------ DATA LISTING ------
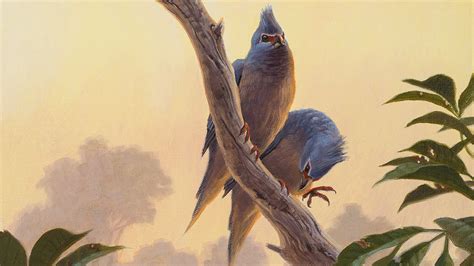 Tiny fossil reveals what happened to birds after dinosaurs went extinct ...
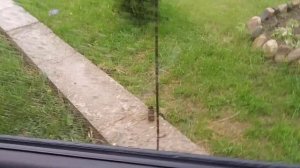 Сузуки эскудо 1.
------
------ DATA LISTING ------
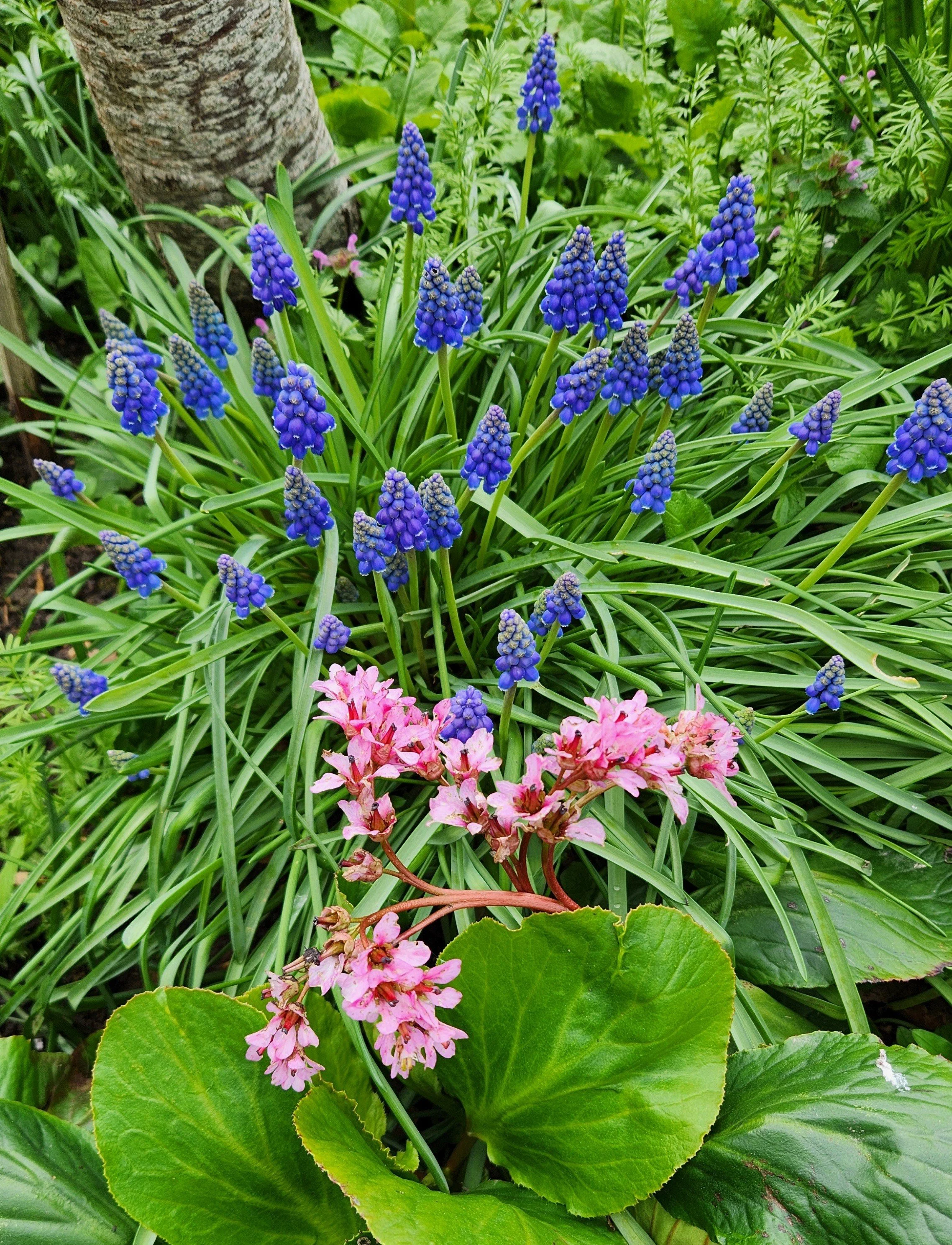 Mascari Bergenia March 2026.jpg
------
What are the lines above from the one with "Tiny fossil reveals" to the one with "Сузуки эскудо 1.", both included? Reproduce them exactly, without pictures.

 Tiny fossil reveals what happened to birds after dinosaurs went extinct ...
 Сузуки эскудо 1.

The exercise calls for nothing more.